Sometimes I go through old journal entries instead of writing a new one. Remembering God's leading in the past often reminds me of lessons I once learned. Sometimes I need to relearn them. So, the following is adapted from my journal from over a year ago.


It’s something I have a lot of sometimes, and hardly any other times. Sometimes I have it when I shouldn’t, and don’t have it when I need it.

I have confidence that my computer saves files correctly and isn’t going to lose my data. I have confidence that other drivers will stop at a stop light rather than going through and ramming into me. These kinds of things make normal life possible and far more pleasant than if we could not have confidence in anything. (Wait, would life even be possible then?)

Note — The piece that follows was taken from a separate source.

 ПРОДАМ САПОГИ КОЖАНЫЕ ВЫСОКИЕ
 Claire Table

But then there’s a deeper type of confidence - confidence in God and His word. And I don’t have enough of it. Sometimes I wonder if I really have any deep confidence in Him. For if I did, why do I so easily question His leading? I’ve often felt that life would be better if God understood my problems the way I understand them.

How arrogant.

What I’m slowly coming to realize is that He understands life's problems better than I do, solutions and all. And I don’t have very much confidence, because as soon as things start to look like they’re not working out right, I run to Him crying. Why are You letting this happen? 

Why? As if a feeble, weak, and struggling human mind could fully comprehend even a fraction of the purposes of the Almighty. He needs give no reason, no justification for His plans. Amazingly, mercifully, often He gives one anyway. But sometimes, He doesn’t, at least not in the moment. And it’s then that we learn whether we really trust Him or not.

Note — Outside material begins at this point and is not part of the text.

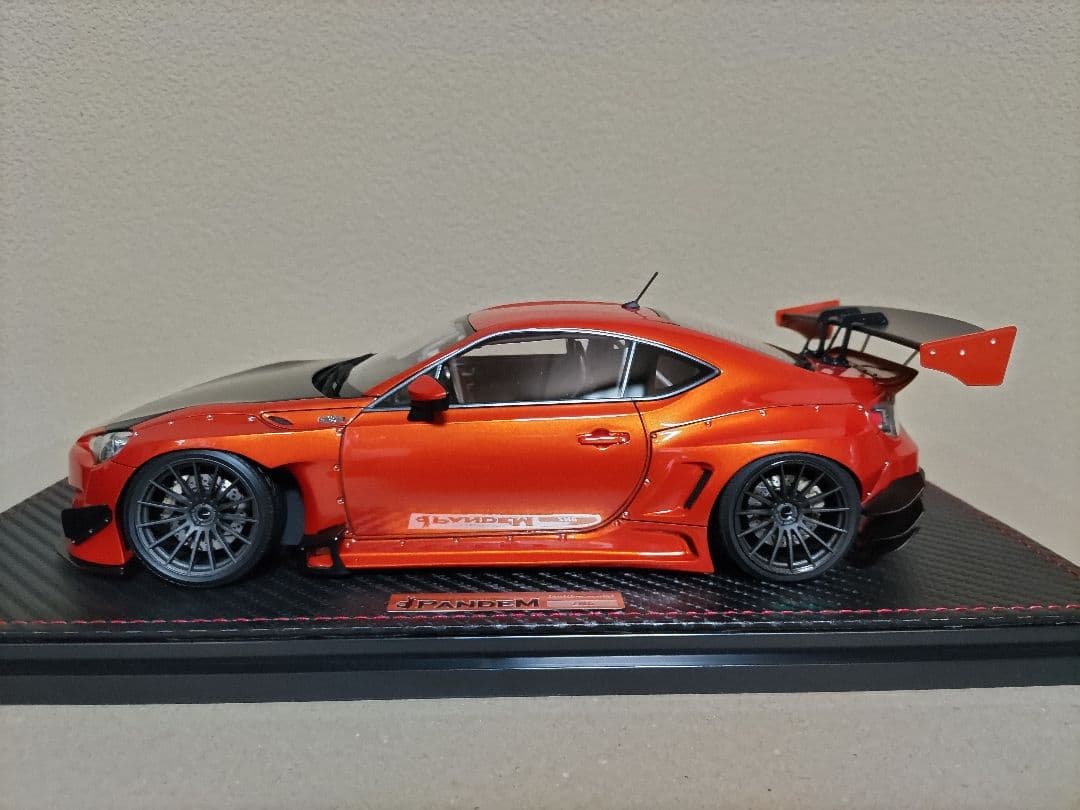 イグニッションモデル　1/18 パンデム86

He claims us as His own if we hold fast onto the confidence we have in Him, until the end. (Hebrews 3:6) I may not have started well - I’ve made mistakes, and lived my life as if I could be self-sufficient. But I have confidence that He will finish what He started. I have confidence in His plans for me even if they go beyond what I can see. I have confidence in His love. And He will sustain me through it all. Until the end.

Oh, let me run this race all the way to the finish line, and never give up no matter what. There is no other way. I need not ask for You to help - You’ve already promised that. But I ask for the humility to accept Your help.


To approach a battle smiling with the confidence of a thousand victories won already, we must be so accustomed to giving up our own plans and accepting God’s that it will be second nature to do it again.

That’s the recipe for Victory #1001.

Sunday, June 1, 2014


“Who shall separate us from the love of Christ? Shall tribulation, or distress, or persecution, or famine, or nakedness, or peril, or sword?”

Absolutely not. 

“For I am persuaded, that neither death, nor life, nor angels, nor principalities, nor powers, nor things present, nor things to come, nor height, nor depth, nor any other creature, shall be able to separate us from the love of God, which is in Christ Jesus our Lord.”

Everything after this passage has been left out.